Quick and dirty way to try out if it is indeed thermal throttling: Leave the side panel open, see if it still happens. As for the 180W thing, most (if not all) Vega cards have different profiles that limit power use to 150 / 180 / 210 / whatever, should be accessible through the AMD Wattman software, have a read through here: https://www.amd.com/en/support/kb/faq/dh-020 Note that some 3rd party software that can influence how the GPU behaves (MSI Afterburner and such) can cause conflicts with Wattman.
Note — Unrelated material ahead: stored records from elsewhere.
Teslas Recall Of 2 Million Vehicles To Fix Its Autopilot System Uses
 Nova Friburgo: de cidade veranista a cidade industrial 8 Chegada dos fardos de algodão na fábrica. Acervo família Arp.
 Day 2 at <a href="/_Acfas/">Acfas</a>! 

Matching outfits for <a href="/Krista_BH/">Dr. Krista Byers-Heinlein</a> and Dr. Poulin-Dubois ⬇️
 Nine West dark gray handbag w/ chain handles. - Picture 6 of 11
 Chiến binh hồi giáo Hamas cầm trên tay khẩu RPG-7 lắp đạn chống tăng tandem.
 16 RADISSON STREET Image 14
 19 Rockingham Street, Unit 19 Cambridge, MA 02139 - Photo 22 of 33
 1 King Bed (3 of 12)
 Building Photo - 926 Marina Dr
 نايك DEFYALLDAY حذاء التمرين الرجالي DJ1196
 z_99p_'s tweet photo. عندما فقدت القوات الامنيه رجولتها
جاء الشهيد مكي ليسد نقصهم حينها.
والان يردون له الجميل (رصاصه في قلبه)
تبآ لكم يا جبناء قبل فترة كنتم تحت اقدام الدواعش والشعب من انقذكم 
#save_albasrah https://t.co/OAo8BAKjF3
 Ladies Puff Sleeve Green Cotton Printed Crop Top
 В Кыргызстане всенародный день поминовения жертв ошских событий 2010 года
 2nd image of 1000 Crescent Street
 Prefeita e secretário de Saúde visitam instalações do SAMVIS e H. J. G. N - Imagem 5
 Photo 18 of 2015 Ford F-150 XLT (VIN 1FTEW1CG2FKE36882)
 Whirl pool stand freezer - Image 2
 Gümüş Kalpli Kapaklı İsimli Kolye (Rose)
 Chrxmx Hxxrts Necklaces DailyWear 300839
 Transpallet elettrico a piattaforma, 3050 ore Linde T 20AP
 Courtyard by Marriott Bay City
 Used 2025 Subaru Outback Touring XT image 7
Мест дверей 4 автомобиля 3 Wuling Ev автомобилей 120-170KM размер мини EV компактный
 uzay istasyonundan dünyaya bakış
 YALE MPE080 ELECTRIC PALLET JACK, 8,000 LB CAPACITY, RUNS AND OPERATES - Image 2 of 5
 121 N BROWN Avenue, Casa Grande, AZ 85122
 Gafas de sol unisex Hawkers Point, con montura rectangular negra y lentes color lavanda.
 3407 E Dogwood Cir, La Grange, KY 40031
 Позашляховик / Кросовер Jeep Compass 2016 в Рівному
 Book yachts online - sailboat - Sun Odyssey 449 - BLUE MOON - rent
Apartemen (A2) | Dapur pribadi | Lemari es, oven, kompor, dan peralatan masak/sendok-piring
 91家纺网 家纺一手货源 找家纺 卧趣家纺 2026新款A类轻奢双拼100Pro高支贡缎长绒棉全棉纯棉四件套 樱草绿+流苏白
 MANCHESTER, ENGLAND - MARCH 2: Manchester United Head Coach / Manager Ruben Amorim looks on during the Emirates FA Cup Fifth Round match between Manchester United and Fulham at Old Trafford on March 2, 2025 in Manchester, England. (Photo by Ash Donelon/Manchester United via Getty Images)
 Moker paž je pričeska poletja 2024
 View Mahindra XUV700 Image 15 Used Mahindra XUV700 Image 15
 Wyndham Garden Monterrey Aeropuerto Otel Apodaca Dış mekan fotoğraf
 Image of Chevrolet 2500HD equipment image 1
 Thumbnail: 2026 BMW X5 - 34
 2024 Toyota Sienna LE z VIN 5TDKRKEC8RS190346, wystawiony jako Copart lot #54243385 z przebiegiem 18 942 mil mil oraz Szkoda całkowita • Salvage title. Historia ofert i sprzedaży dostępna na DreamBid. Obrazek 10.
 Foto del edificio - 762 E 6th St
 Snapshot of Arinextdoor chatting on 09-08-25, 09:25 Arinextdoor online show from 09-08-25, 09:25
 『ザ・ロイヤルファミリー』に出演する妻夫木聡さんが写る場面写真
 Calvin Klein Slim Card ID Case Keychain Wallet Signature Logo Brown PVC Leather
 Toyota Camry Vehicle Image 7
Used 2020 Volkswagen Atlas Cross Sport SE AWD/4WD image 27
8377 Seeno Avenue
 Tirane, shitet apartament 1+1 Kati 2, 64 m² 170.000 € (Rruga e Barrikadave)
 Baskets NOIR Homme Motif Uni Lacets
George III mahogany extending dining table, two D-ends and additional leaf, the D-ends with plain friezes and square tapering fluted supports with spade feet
That's far under the safe operating temperature for modern VRMs (which will operate comfortable north of 100°C). GPU-Z reports PerfCap Reason (what's causing a card to throttle, which could be thermal, power, voltage, etc) for Nvidia GPUs, not sure if AMD drivers also expose that though. The 180W limit would match operating in BIOS 2 Gaming Power Save mode. IIRC these are set via DIP switches on the back of the card under the power connector, so could have been inadvertently bumped. However, the card blanking out is definitely not intended behaviour for any sort of throttling. That could be a driver crash, or it could be a hardware fault (usually memory).
I know it's a noob thing, but my far more experienced PC chum managed to nearly break his 2080ti by using one power lead from the PSU with 2 ends plugged into the card. When he used two GPU power leads from the PSU, his issue went away. I would expect this is not the actual problem, but sometimes the simple solution is the best one?
My devil 64 can't even run stock tbh. You desperately need to under volt it, but I was crap at it it seems lol. I just enable Radeon chill, which did work well and stopped it crashing.